Actually, Turkey finds itself in an international precarious situation. Firstly, its interests are clearly ignored by Europeans, who have put the country´s bid for membership in the European Union on indefinite hold. The crisis with Cyprus, an EU member, is getting worse. Ankara has recently threatened military action in response to this country´s oil exploration activities in a disputed maritime area. In a recent meeting with US Secretary of State Hillary Clinton in New York, Turkish Foreign Minister Ahmet Davutoglu was told that the United States supported Cyprus´ right to explore in the area, which is led by an American company. In January, France passed a law against the so-called “armenian genocide” and Turkey´s protests were treated with disdain.

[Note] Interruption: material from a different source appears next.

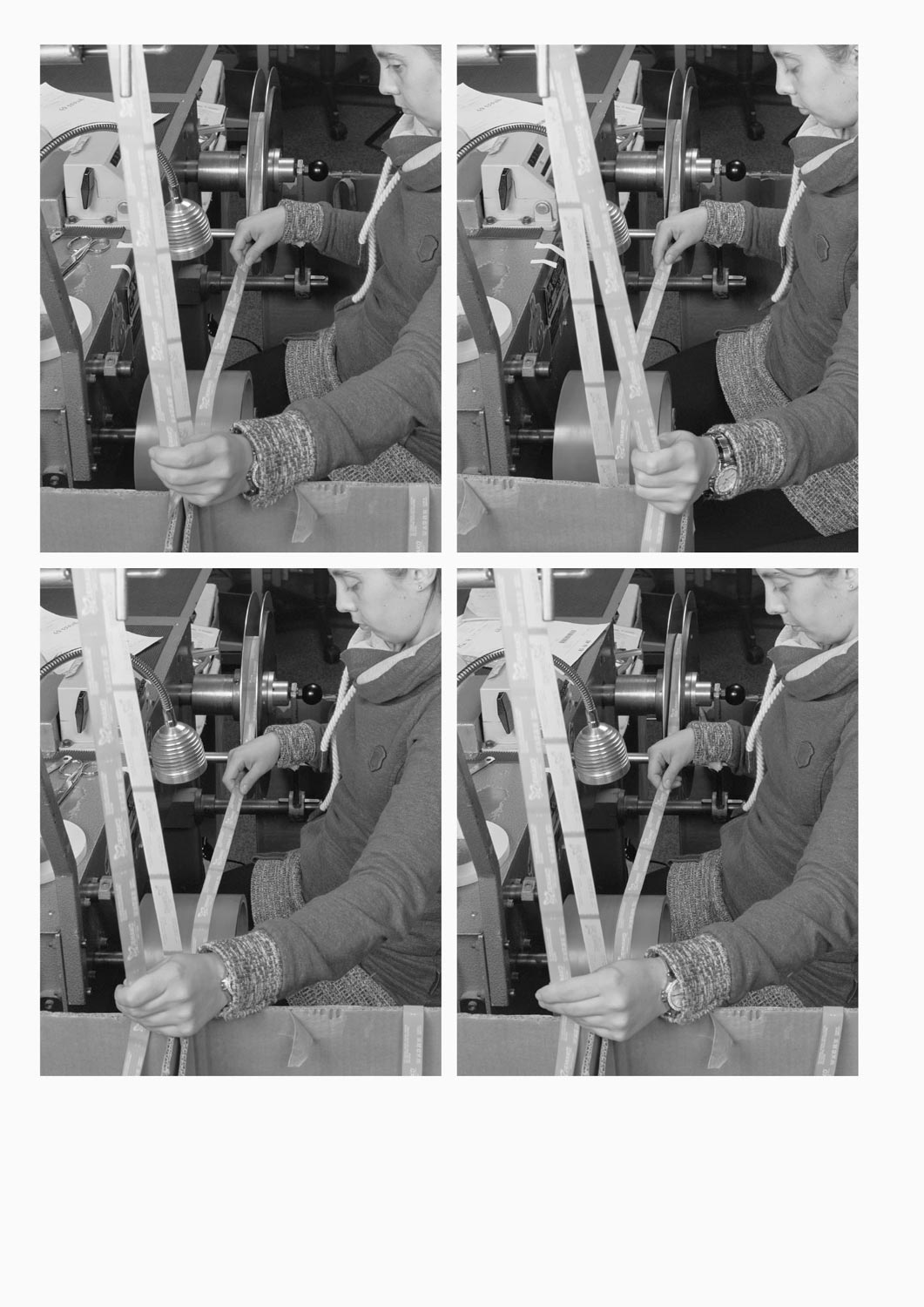 Eine Textilarbeiterin arbeitet an einer Maschine in der Firma Darcor Etiketten  Fotografie von Heiko Schäfer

Ankara always claimed that it had alternatives if the EU closed its doors for Turkey. It was assuming a predominant role among the Muslim nations and using its political and economic power to become a conflict mediator in the region. However, this role could become impossible if Turkey continues to alienate its neighbours. Currently, the deterioration of relations with Syria, Iraq, Russia and Iran appears to be more or less serious and could have far-reaching consequences.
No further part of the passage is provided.